● Dataset entries
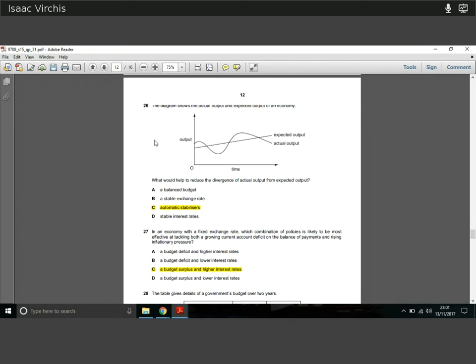Question twenty-six: the graph shows actual output and expected output of an economy, with actual output fluctuating. The answer is C — automatic fiscal stabilizers. When actual output falls below expected in a bust cycle, automatic stabilizers kick in: more benefits are paid, people spend more, and the economy recovers. In boom years, people pay more taxes, dampening the boom. This reduces divergence between actual and expected output.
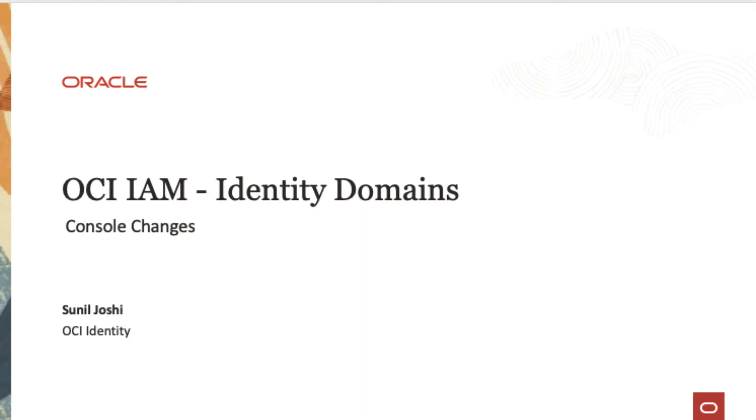Hello everyone, my name is Sunil Yoshi, and I will be giving you a walkthrough of the new IAM changes in OCI console.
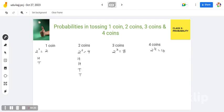Then in the next column, you write 1 time head, 1 time tail, 1 time head, 1 time tail. So you get the 4 outcomes: head-head, head-tail, tail-head, tail-tail.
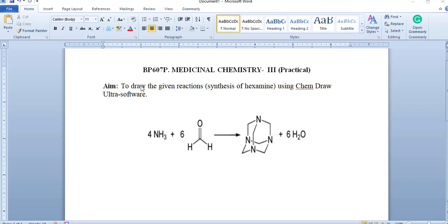In this practical, we are going to discuss BFARM-6M medicinal chemistry practical. In previous practical, we have learned the technique to draw the structures by using ChemDraw Ultra software.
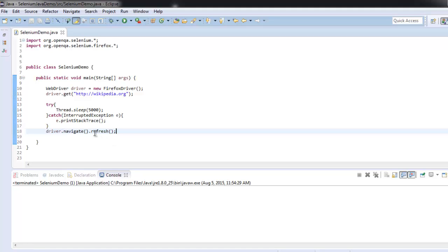It is refreshing the web page. Pause the video and go through the code, and you'll find it is very easy to refresh the page after a certain delay.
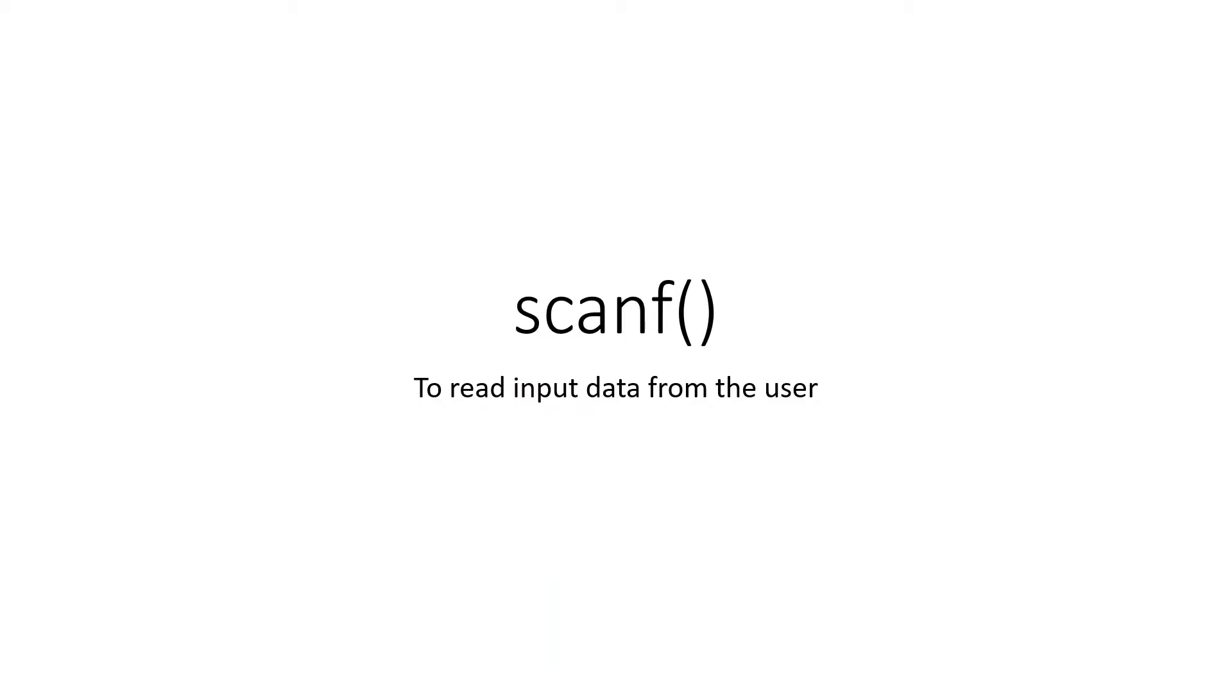In the last classes, we discussed introduction to C programming, the basic structure of a program, the different data types and how to use printf. So let us move on to the next command that is scanf that is used to read the data from the user.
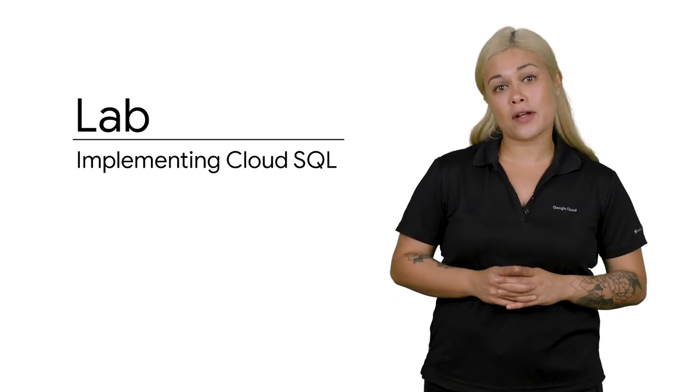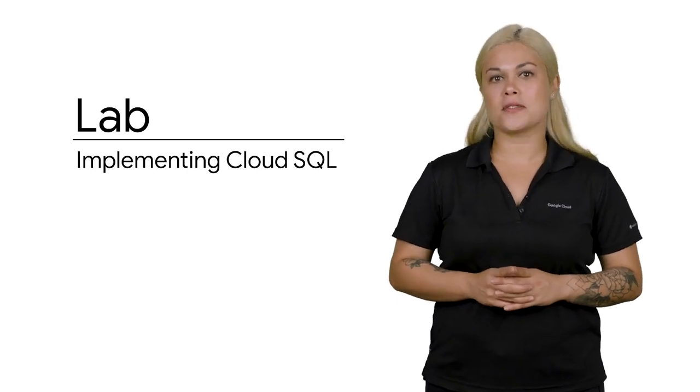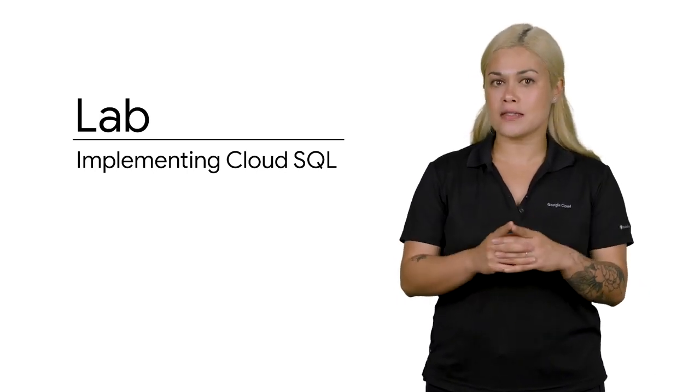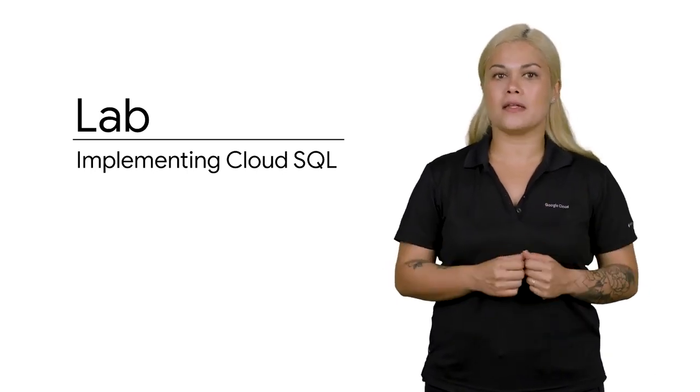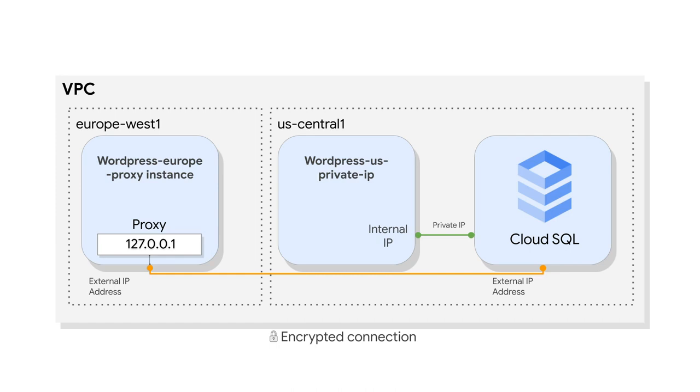Let's take some of the Cloud SQL concepts that we just discussed and apply them in a lab. In this lab, you configure a Cloud SQL server and learn how to connect an application to it via a proxy over an external connection.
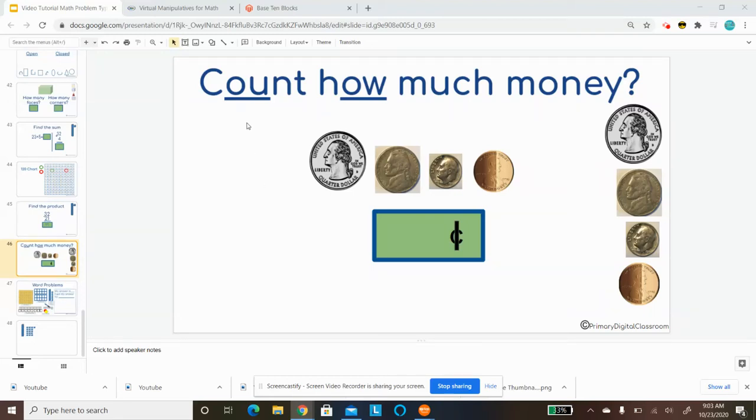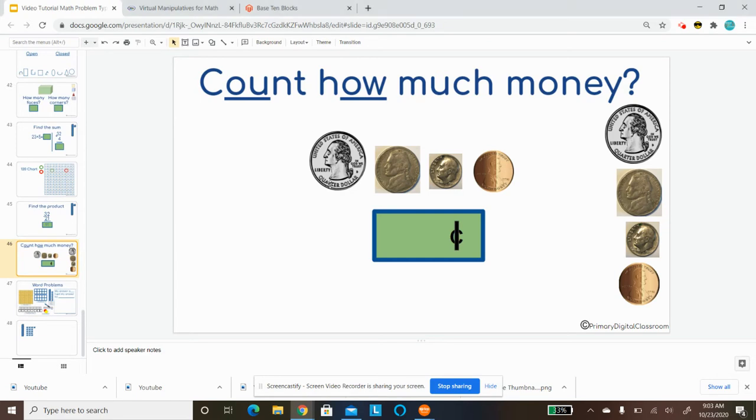For this slide, we're going to count how much money. We're going to look at the coins that we have and then count how much money. Now sometimes tens and ones can help us with this.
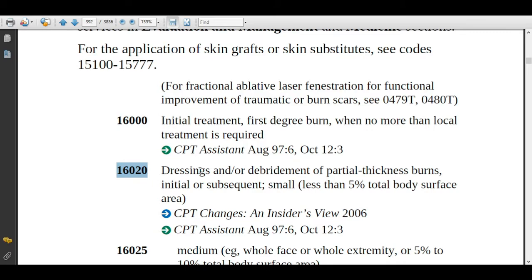For example, if a patient got injured with partial thickness burns — meaning the epidermal and part of the dermis is injured — the physician will clean the wound with antiseptic and remove the dead tissue affected by the burn, then apply ointment and dressings. If the burn area is less than 5% of the patient's body, assign code 16020. Initial means the patient is coming for the first time; subsequent means the patient is returning for debridement or dressing change, and you report 16020 again.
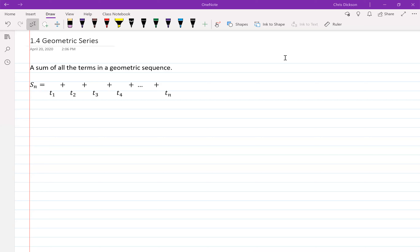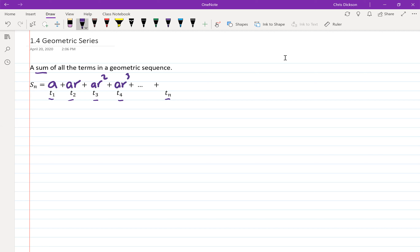So if you look at this pattern, SN means the sum of terms — adding term one, term two, term three, term four, all the way out to term N. In a geometric pattern the first term is always denoted a, and then we multiply by a constant number every time, which we call r. So the second term would be aR.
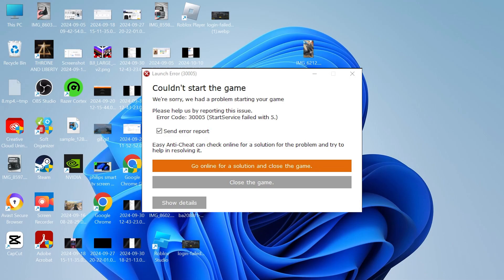In this video, I'll show you how to fix the Easy Anti-Cheat error 3005. There are a couple of different ways that we can fix this.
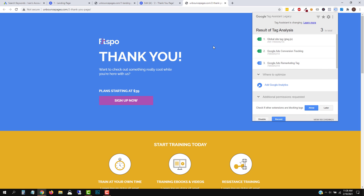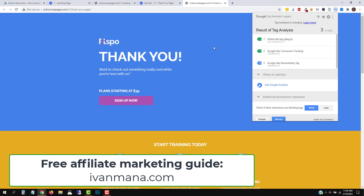Hopefully that makes sense. If you found value in this, make sure to check out my YouTube channel at Ivanmana on YouTube — I have a lot of tutorial videos covering tips, tricks, and techniques. If you're interested in learning about affiliate marketing, I also offer a free 55-page guide that takes you step-by-step from A to Z on what affiliate marketing is, how to get started, and how to make money with it — all at Ivanmana.com. Thank you for watching — I hope you found value and I'll see you in the next video.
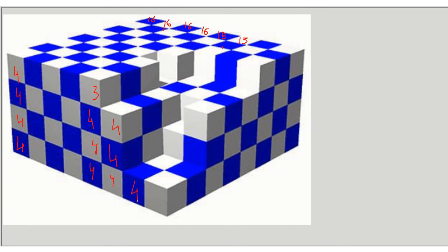Next layer: four at the bottom, then three, then two missing out of four so only two blue cubes, then two blue cubes — summation: two plus two is four, plus three is seven, plus four is eleven cubes. Then the rightmost layer: four blue cubes at the bottom, then three, then three, then one — one plus three is four, plus three is seven, plus four is eleven. So eleven blue cubes in each of these last two layers.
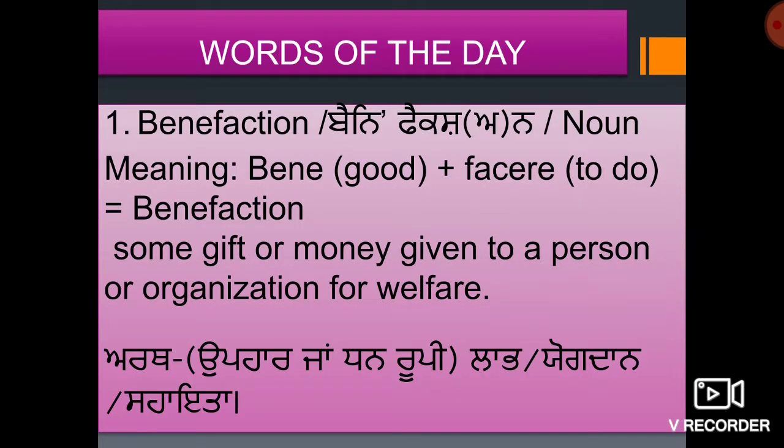First word: Benefaction. Benefaction. It means some gift or money given to a person or organization for welfare.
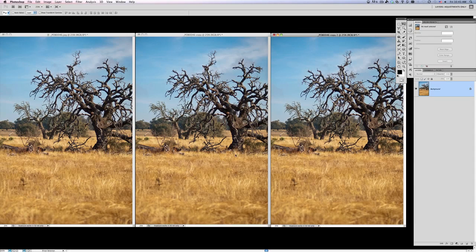Hey everybody, I wanted to send out a quick little video tutorial just to cover some basic ways that you can do black and white conversion in Photoshop. You may think that you've done this and mastered this, but it never ceases to amaze me how many people actually don't understand the various techniques for converting to black and white.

● Assigned task
Please set down, exactly and with no pictures, the lines in the entries above starting at the one holding "Then in the" and ending at the one holding "It is refreshing", ends included.

● Exercise solution
Then in the next column, you write 1 time head, 1 time tail, 1 time head, 1 time tail. So you get the 4 outcomes: head-head, head-tail, tail-head, tail-tail.
In this practical, we are going to discuss BFARM-6M medicinal chemistry practical. In previous practical, we have learned the technique to draw the structures by using ChemDraw Ultra software.
It is refreshing the web page. Pause the video and go through the code, and you'll find it is very easy to refresh the page after a certain delay.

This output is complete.